The first line of the entries is where the copy starts and the line with "A group of people" is where it ends; set down each line exactly, both ends included, and drop pictures.

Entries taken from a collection
-=-=-=-=-

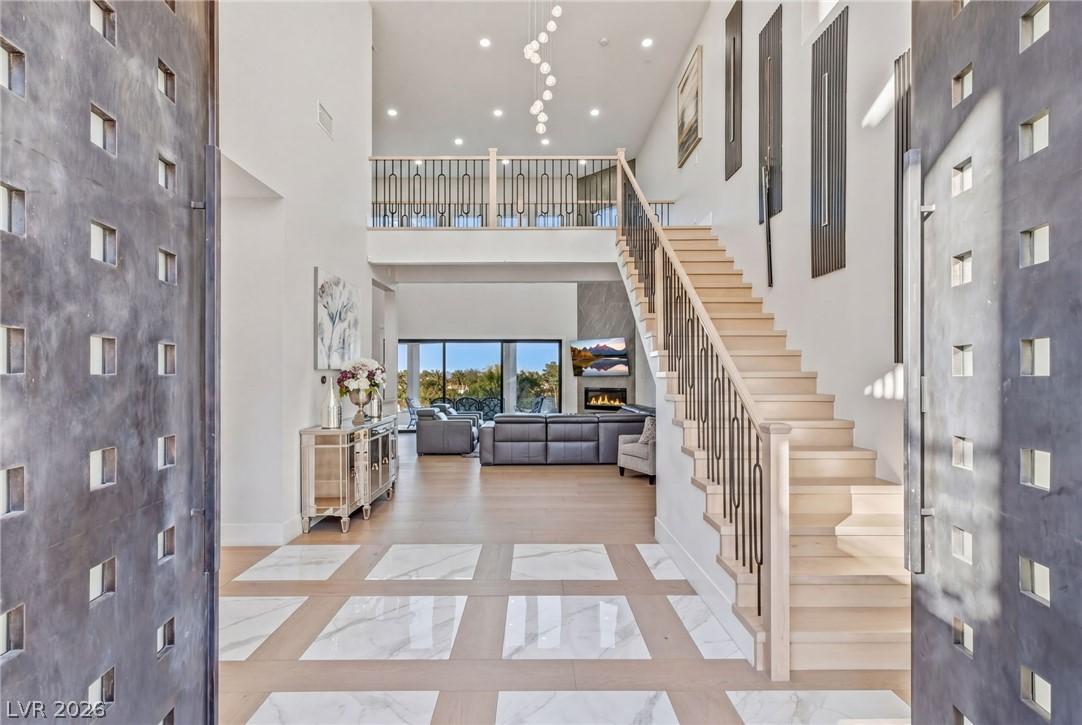 Image 2: This spacious foyer presents a grand entrance with
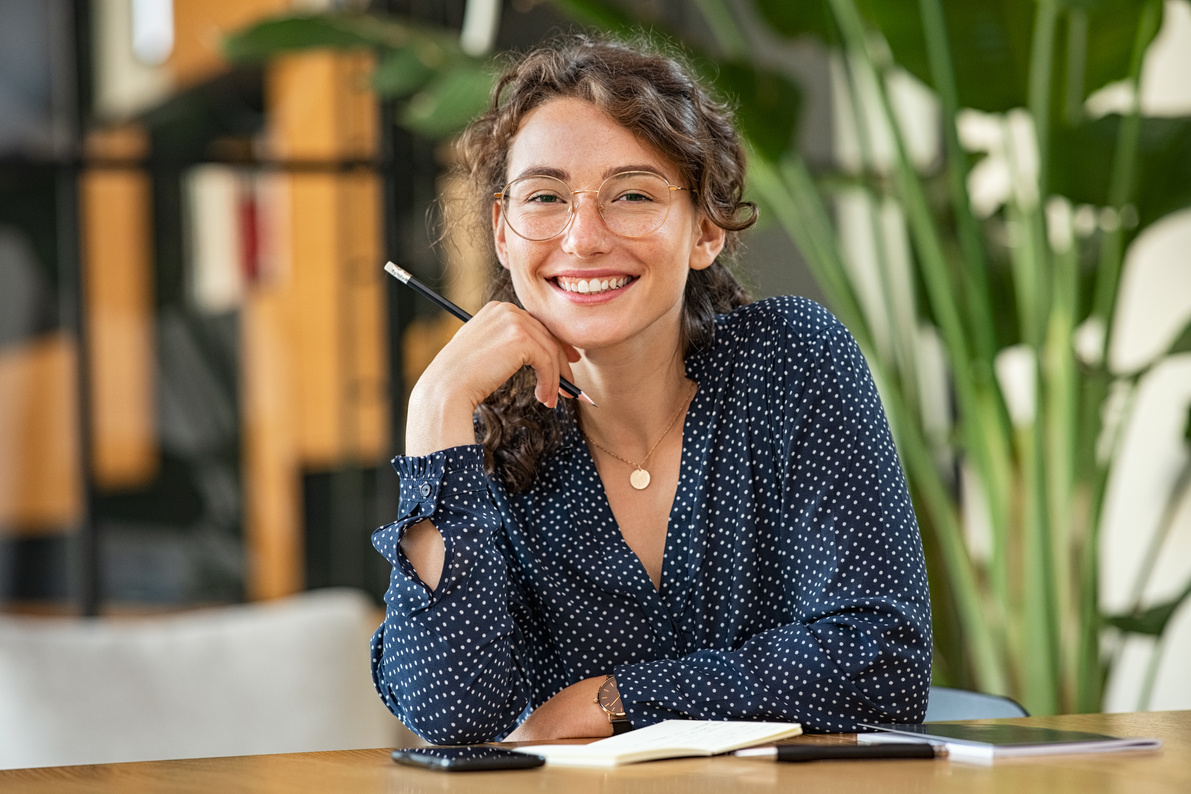 Portrait of Happy Smiling Woman at Desk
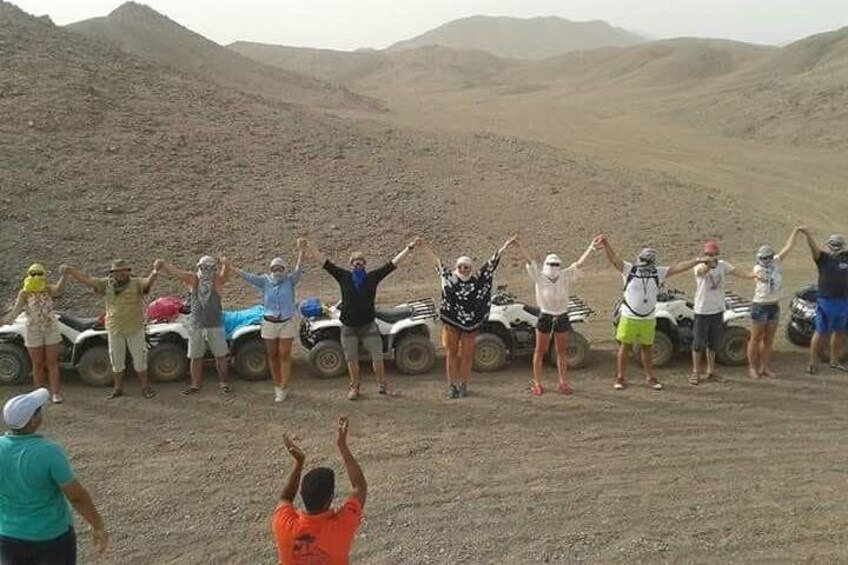 A group of people standing in a line on a dirt road with their arms raised, surrounded by ATVs. 5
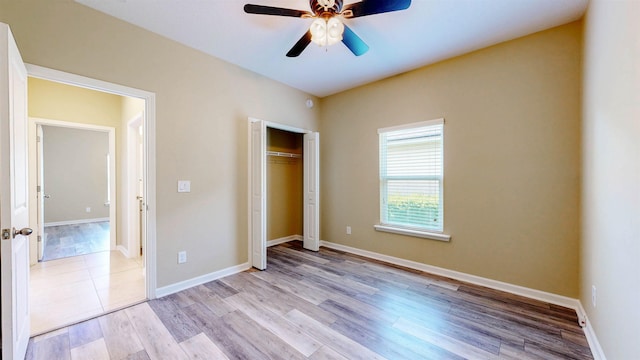 61 Grey Hawk Dr, Saint Augustine, FL 32092 - unfurnished bedroom featuring light wood finished floors, a closet, and a ceiling fan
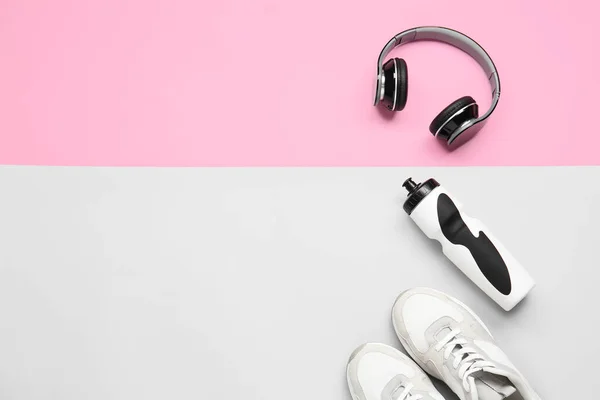 Sportive shoes, bottle of water and headphones on color background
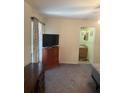Bedroom with a large window, TV, dresser, and ensuite bathroom at 629 N Cleveland Ave, Fort Meade, FL 33841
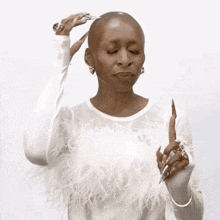 a woman with a shaved head is wearing a white feathered top and holding a pen .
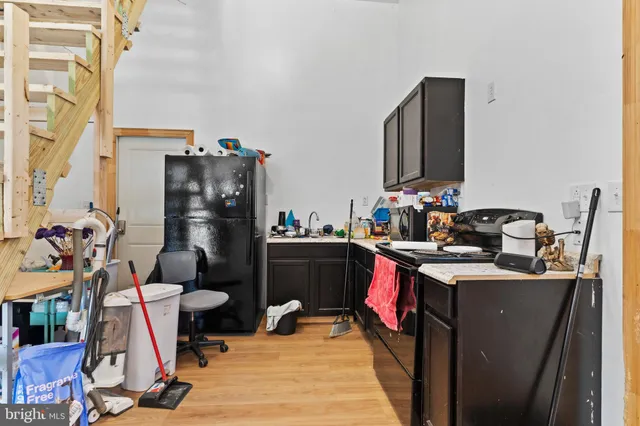 a room with furniture a rug and a fireplace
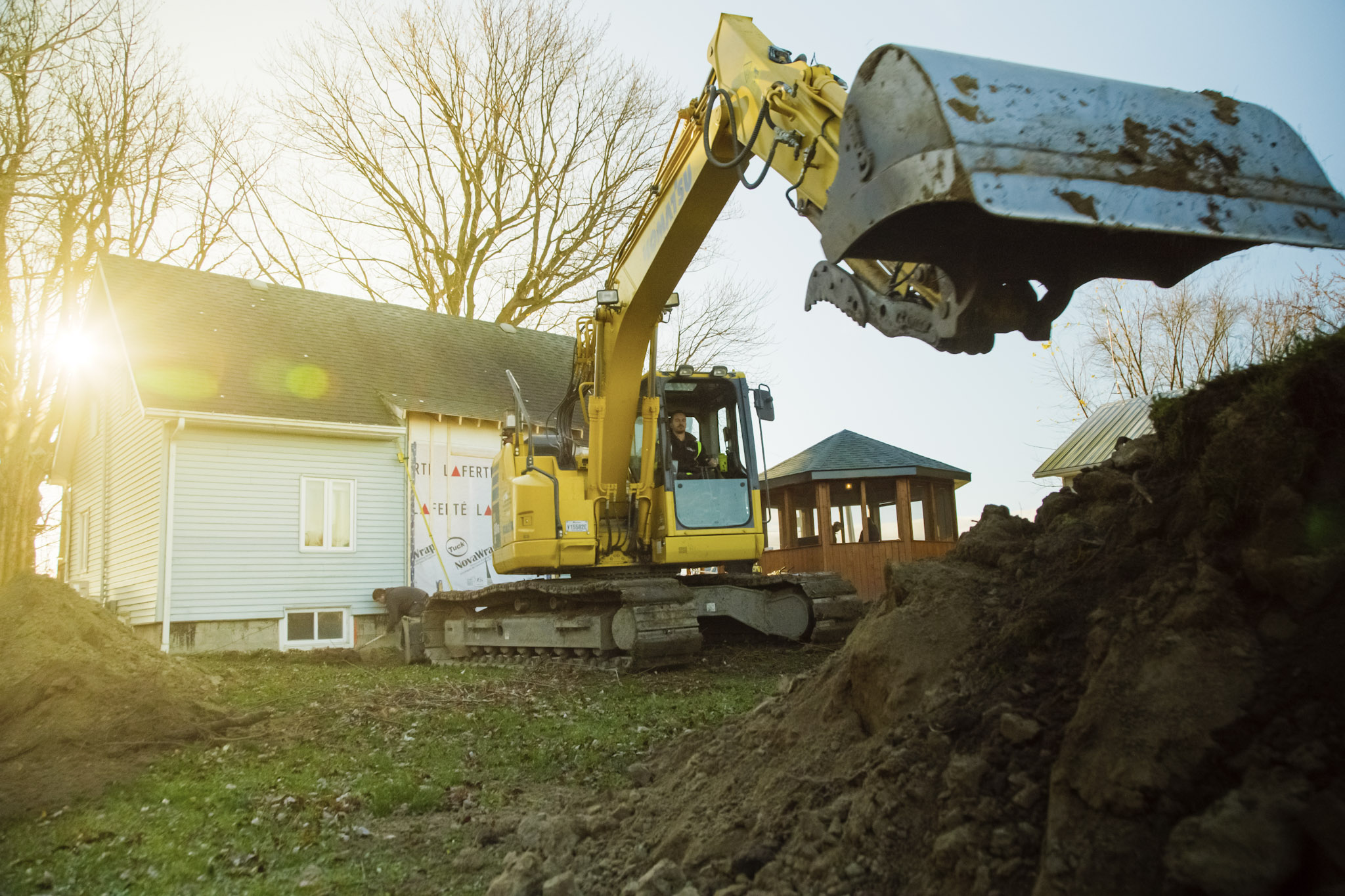 Excavatrice jaune travaillant près d’une maison résidentielle avec godet chargé de terre, piles de sol, arbres et lumière de fin de journée.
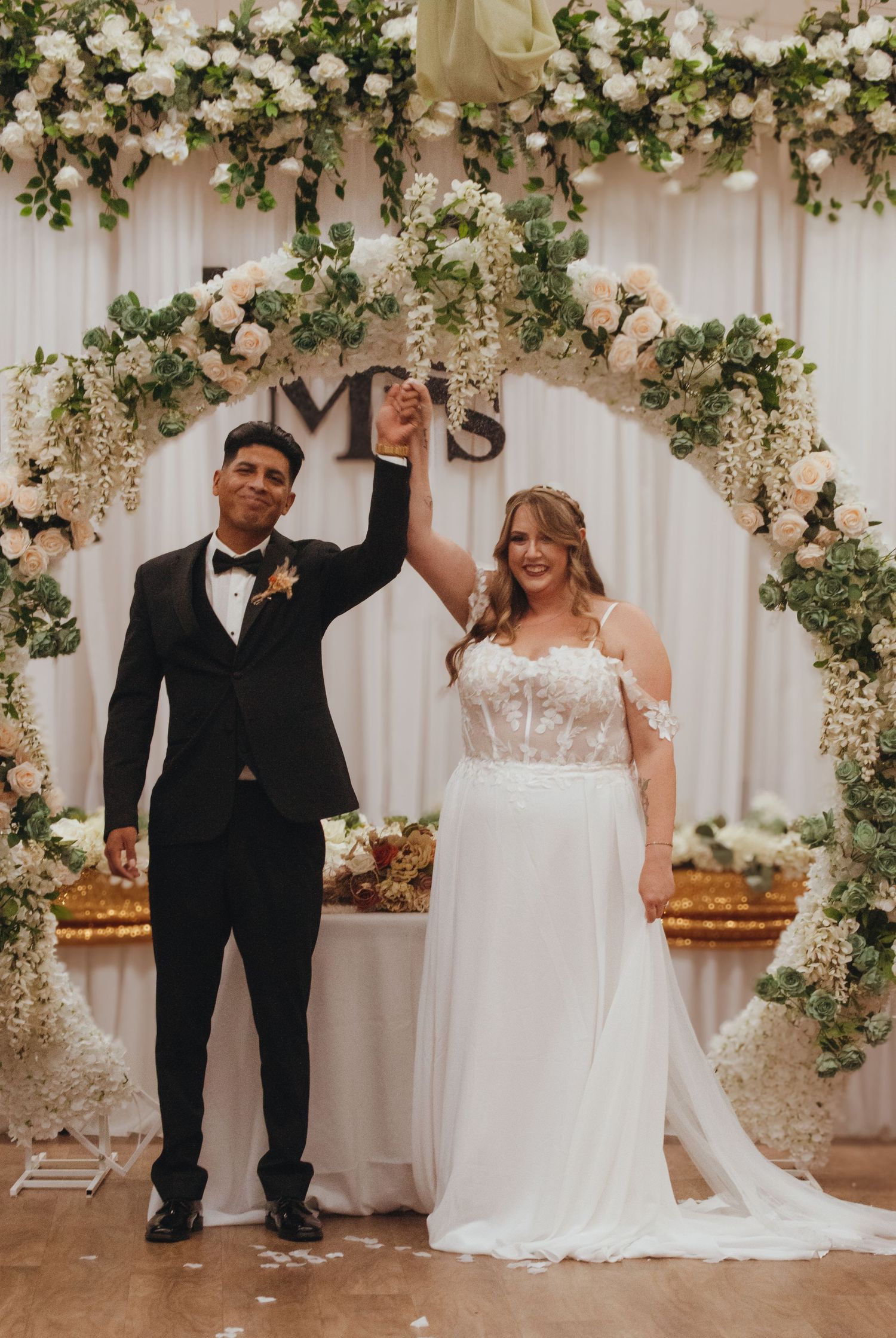 Newlyweds celebrate under a floral arch decorated with white roses and greenery.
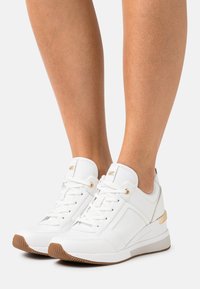 Hvit lær sneakers med gullakenter, med et strukturert mønster og en tykk gummi såle. Snøring med metallevender gir en sikker passform.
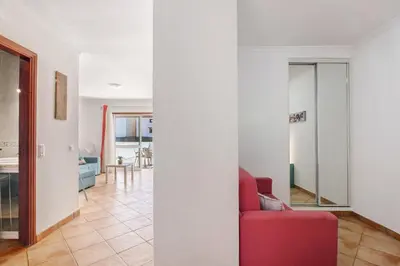 a room with a red couch and a living room at Apartamento 16 - Quarteira in Quarteira
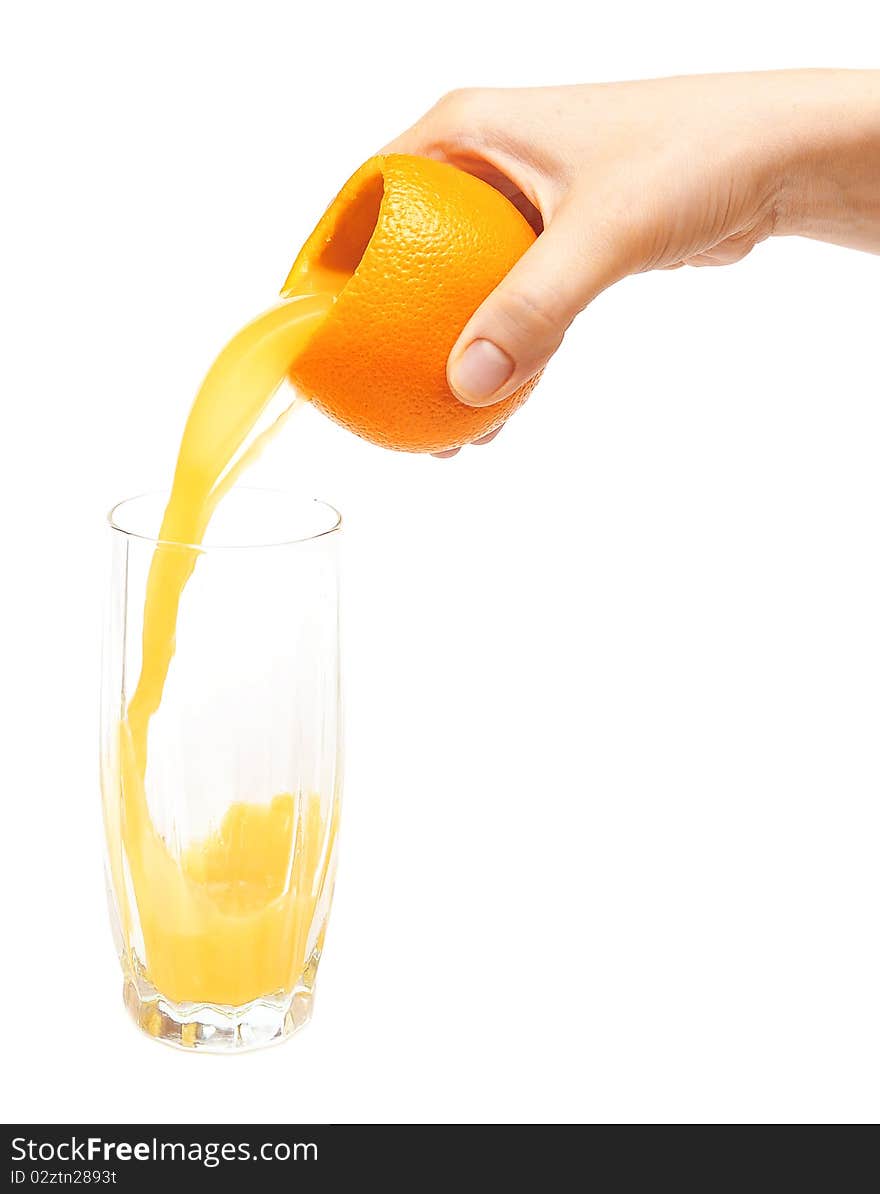 Fresh squeezed pouring orange juice isolated on a white background. Fresh squeezed pouring orange juice isolated on a white background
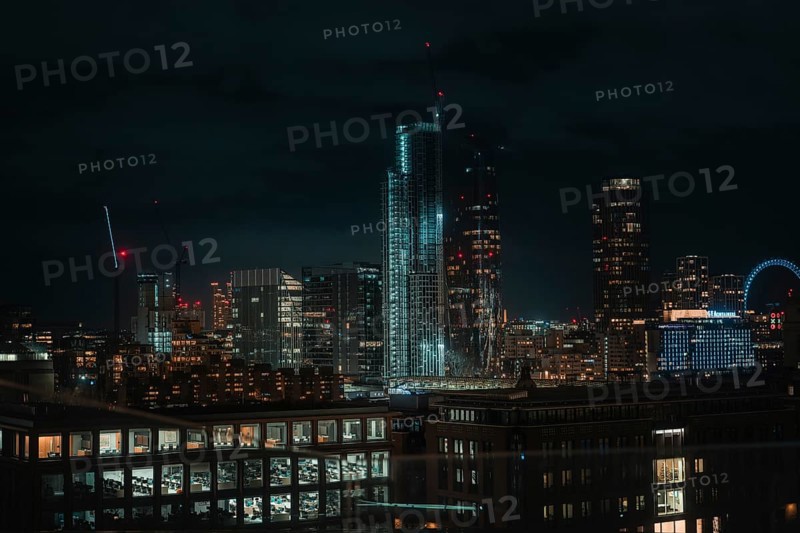 Illuminated skyline of London at night with modern skyscrapers in the foreground, London, United Kingdom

-=-=-=-=-

• [ANSWER FOR THE TASK]
 Image 2: This spacious foyer presents a grand entrance with
 Portrait of Happy Smiling Woman at Desk
 A group of people standing in a line on a dirt road with their arms raised, surrounded by ATVs. 5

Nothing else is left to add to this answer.